What about the standard deviation computation in our statistics lab? Here is a Python module with two possible implementations. What is the complexity of these two implementations? Show the answer:
In the first, we compute the mean before the loop. Thus inside the loop we are only performing a constant number of operations (a subtraction, multiplication and addition). Thus it is a linear time implementation. In the latter, in each loop iteration, i.e. n times, we are computing the average, an \(O(n)\) operation. Thus the overall complexity is \(O(n^2)\), or quadratic! We should choose the first approach!
So thinking back to the choice between a list and a set for querying, should we always choose the set because its time complexity is better? It depends. Keep in mind that big-O approximates the growth rate in the limit where the input size is very large. So if the inputs are large then we would almost certainly want to choose te set. If that assumption does not hold for our input, e.g., we are querying just a few values, then the set may not be any faster.
And also keep in mind that big-O drops the constants, however in reality the constant factors may be quite large. Thus think of big-O as a useful tool for thinking about efficiency (albeit with caveats) that complements experiments and other approaches.
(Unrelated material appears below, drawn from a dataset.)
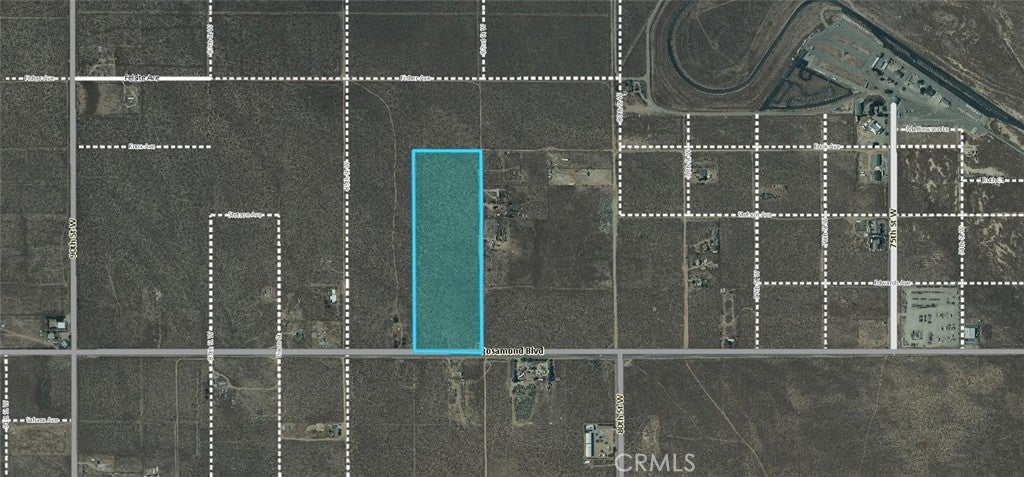 8297 W Rosamond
In addition to the classes we describe above, we can talk about some broader classes of time complexity. For example polynomial time. Polynomial time problems are those that can be solved in \(O(n^k)\), where k is some constant. Most of the algorithms we have encountered fall into this category.
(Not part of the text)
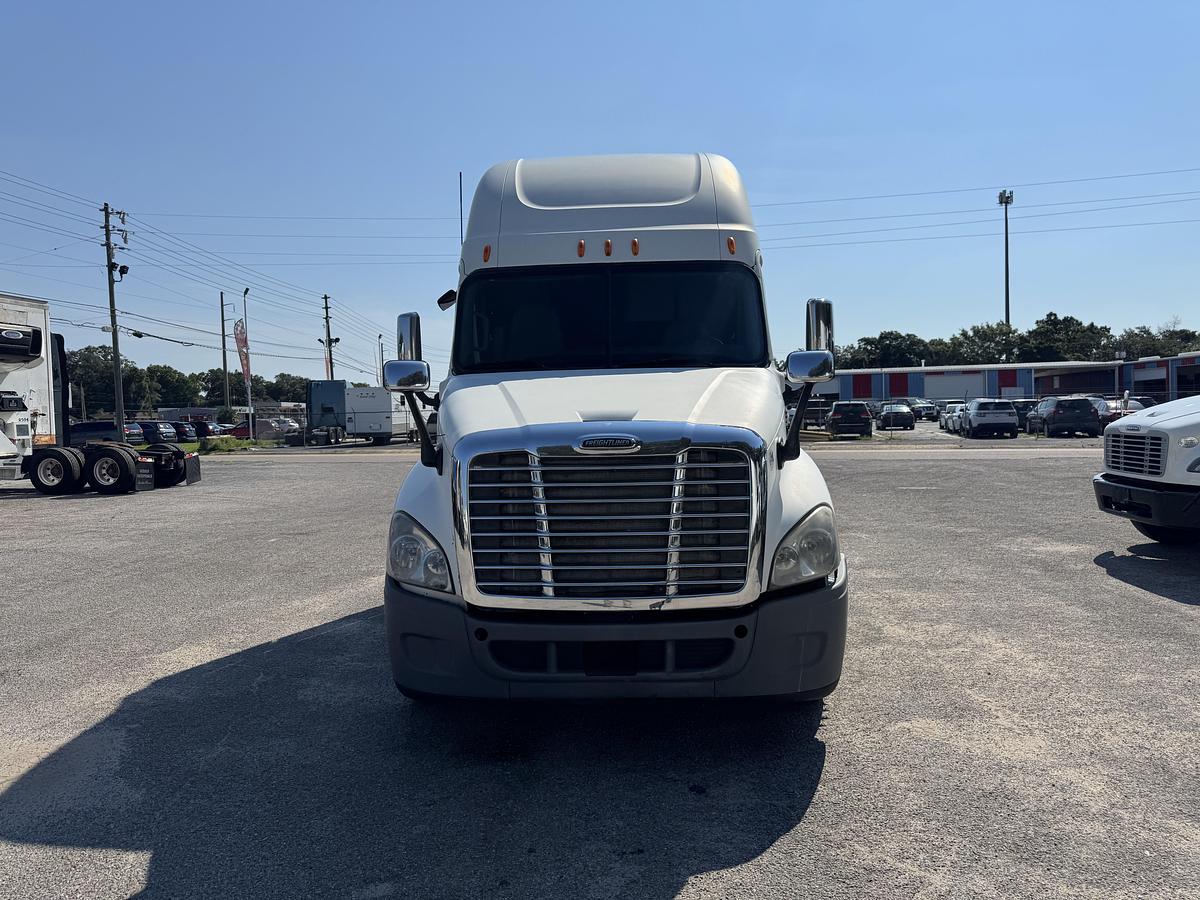 Used 2010 Freightliner® CASCADIA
We often focus on a specific subset of polynomial time problems, decision problems (those problems that have a boolean answer). The class of decision problems that can be solved in polynomial time using a deterministic Turing machine are in the class P. Another important class is NP, or “non-deterministic polynomial time”. At present there are no known solutions for these problems that run in polynomial time. An example of an NP problem is the decision version of the traveling salesman problem (TSP):
“Given a matrix of distances between n cities, determine if there is a route visiting all cities exactly once with total distance less than k.”
We can verify if a solution is valid in polynomial time, but finding such a route generally, at present, takes exponential time in the worst case. Proving whether P=NP, or not, is one of the key open problems in Computer Science (with a hefty cash prize, if I recall). Finding a polynomial time solutions to NP problems would make many otherwise intractable, or at least very difficult, problems (like TSP) tractable, even in the worst case.
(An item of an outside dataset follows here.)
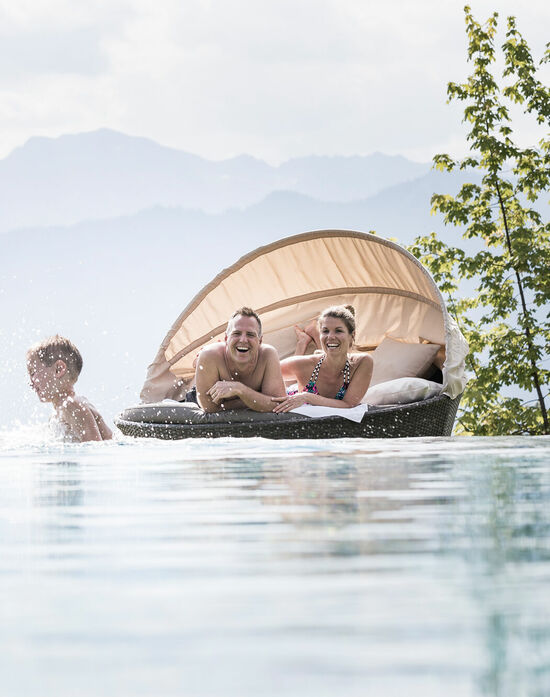 Familienhotel mit Außenpool – Kinderhotel Allgäuer Berghof Badespaß im Außenpool im Kinderhotel Allgäuer Berghof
TSP is one of a sub-class of NP problems termed NP-complete. NP-complete problems can be translated to other NP-complete problems in polynomial time. Thus a polynomial time solution to any NP-complete problem would a polynomial time solution to all other NP-complete problems!
Yes! One of the most famous undecidable problems is the halting program: Given an arbitrary program and its input, as an input, determine whether the program will finish or run forever.
Alan Turing proved that a general algorithm to solve the halting problem for any program does not exist. To do so created a Turing machine, a theoretical model of a computer that is used to model and test theoretical aspects of computing.